> [Exercise brief] Pictures aside, every line of the listing should be given again exactly.

> [Data]

◆ ◆ ◆ ◆ ◆

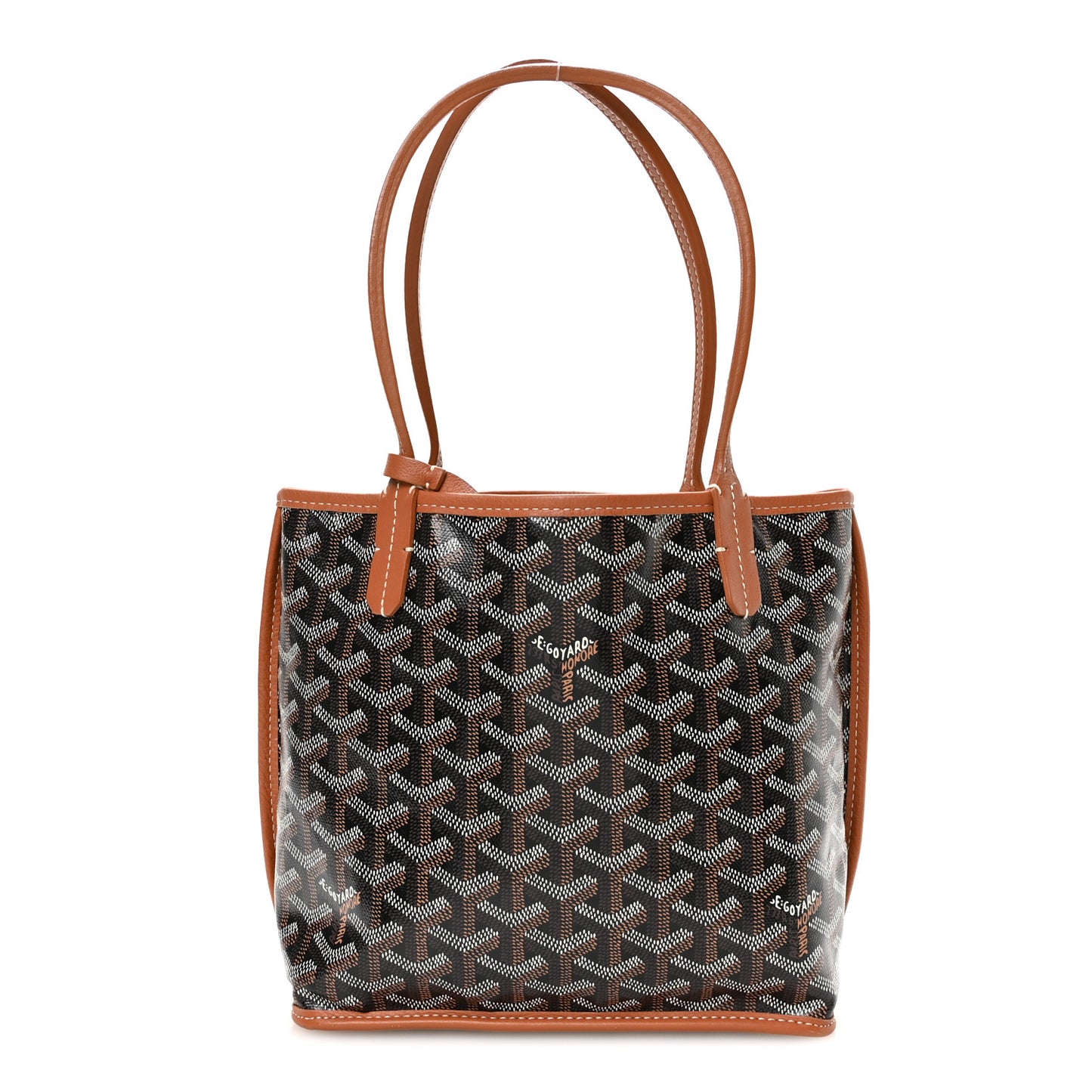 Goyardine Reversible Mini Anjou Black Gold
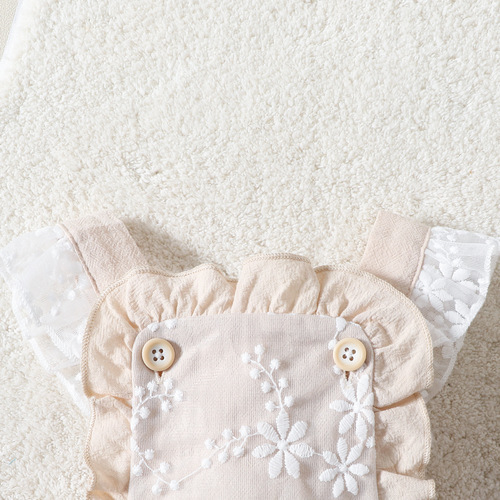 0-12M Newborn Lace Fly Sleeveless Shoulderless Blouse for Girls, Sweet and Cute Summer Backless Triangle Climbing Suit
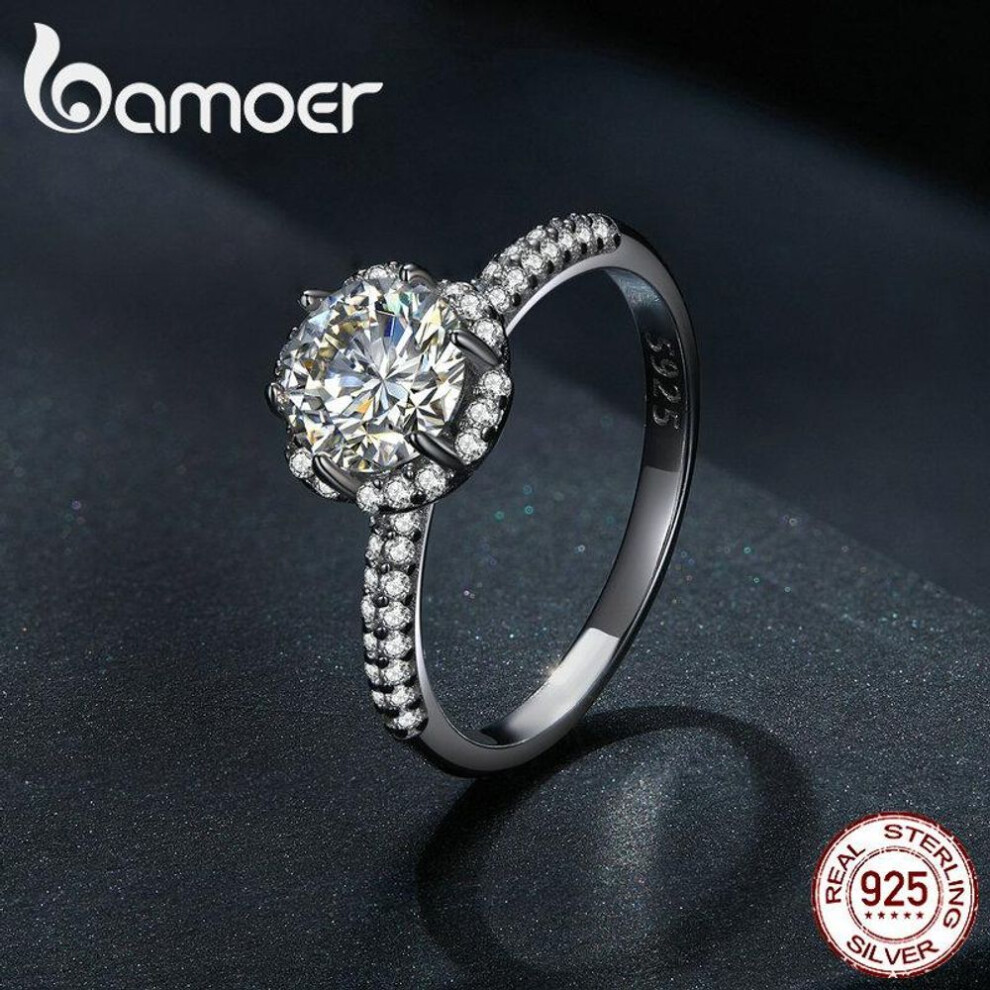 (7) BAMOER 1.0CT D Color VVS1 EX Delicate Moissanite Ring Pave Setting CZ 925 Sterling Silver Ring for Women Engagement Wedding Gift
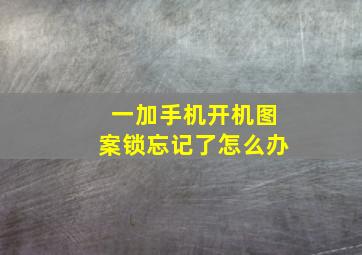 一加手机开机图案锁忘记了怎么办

◆ ◆ ◆ ◆ ◆

> [Exercise result]
 Goyardine Reversible Mini Anjou Black Gold
 0-12M Newborn Lace Fly Sleeveless Shoulderless Blouse for Girls, Sweet and Cute Summer Backless Triangle Climbing Suit
 (7) BAMOER 1.0CT D Color VVS1 EX Delicate Moissanite Ring Pave Setting CZ 925 Sterling Silver Ring for Women Engagement Wedding Gift
 一加手机开机图案锁忘记了怎么办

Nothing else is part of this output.